RÉSEAUX (7)

J’ai retrouvé mon Nicolas Sarkozy. Il s’appelle Donald Trump. Chaque décennie me voit me confronter à un monstre, qui incarne le Mal absolu. Je ne dis pas qu’il n’y ait là que “perception subjective” (comme dit l’autre). Qu’un homme d’Etat de ce niveau puisse nuire au devenir de la planète, ou aux alliances géopolitiques, je ne le sais que trop. Qu’il s’inscrive dans les dérives d’un libéralisme sauvage, c’est matière à réflexion qui devrait être plus poussée que la mienne. Je ne m’attarde pas à ces analyses. Ce qu’il me faut, c’est un méchant, qui parade sur la scène et dont les ridicules me sont odieux. Une déchéance du père, une faillite du surmoi, une marionnette grotesque. Quelqu’un avec qui je n’en finis pas de régler des comptes, à qui je crache à la gueule avec une délectation renouvelée. Un ogre qui me fait peur, mais dont je peux attaquer l’image sans risque de représailles, avec la bénédiction de mon entourage.

Mon père, sans doute, aurait été pro-Trump, par plaisir de choquer et de prendre le contrepied de la doxa.
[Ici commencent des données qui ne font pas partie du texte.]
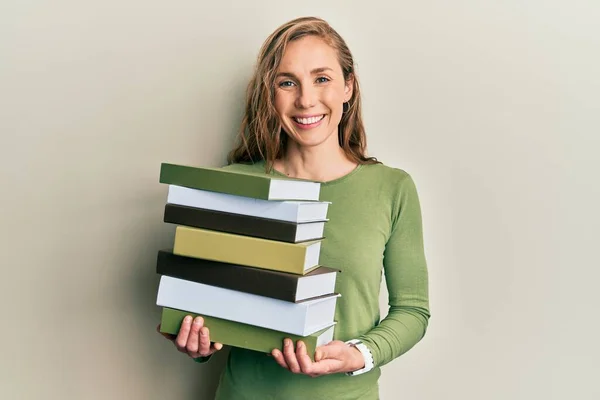 Mujer Rubia Joven Sosteniendo Montón Libros Sonriendo Con Una Sonrisa — Foto de Stock
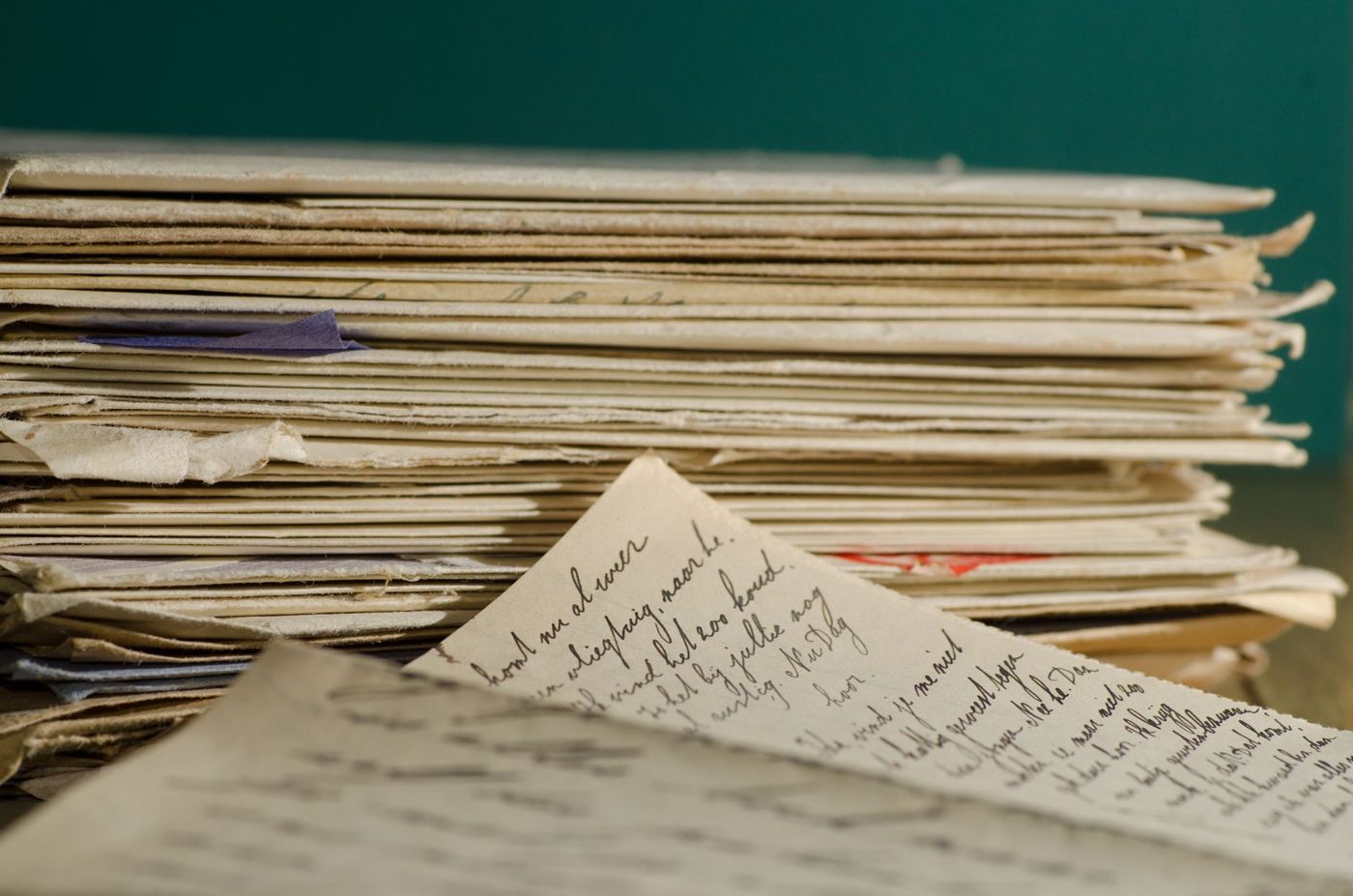 Pile of old, yellowed letters and envelopes, with a handwritten sheet in the foreground against a green background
Ma mère pousse des cris au seul prononcé de son nom. Dans un dialogue filmé entre nous, elle m’a même traité de Trump, suprême insulte qui signifie, dans sa bouche, la mauvaise foi et le déni de réalité. Il n’est aucun de mes amis, fût-il de droite, qui ait la moindre sympathie pour ce personnage. Je lui voue, pour ma part, une qualité de haine particulière. Tous les matins, je vais regarder sur Google Actualités où en est sa cote de popularité (Google, d’ailleurs, va au devant de mes désirs en affichant sous la rubrique Pour vous les dernières nouvelles trumpiennes, comme si elles n’intéressaient que moi). Je me réjouis de voir décroître le baromètre de confiance en sa politique, je m’inquiète quand Joe Biden le soupçonne de vouloir retarder les élections. Il est capable de tout. Charles ajoute à mon angoisse, en me décrivant une future guerre civile, des Américains qui prendront les armes pour défendre leur champion. Ses appels à ne pas respecter le confinement, dans certains Etats démocrates, en sont le présage.

Je ne partage pas, pour autant, cette vision pessimiste. Je ne perds pas mon temps, comme tant d’autres, à me scandaliser de ses propos choquants. Quand il prétend qu’il suffit de s’injecter du désinfectant pour soigner le virus, je me mets à douter de la rationalité de sa stratégie. On le dit calfeutré chaque soir devant la télé, frites et coca à l’appui, regardant en boucle ce qui se dit de lui. Ce crépuscule shakespearien est plutôt fait pour me rassurer. Je scrute, sur le visage recadré et un peu flou de sa conseillère médicale, un embarras tragique. Je cherche les brèches, par où je pourrais m’engouffrer hors de ce cauchemar, et triompher du monstre.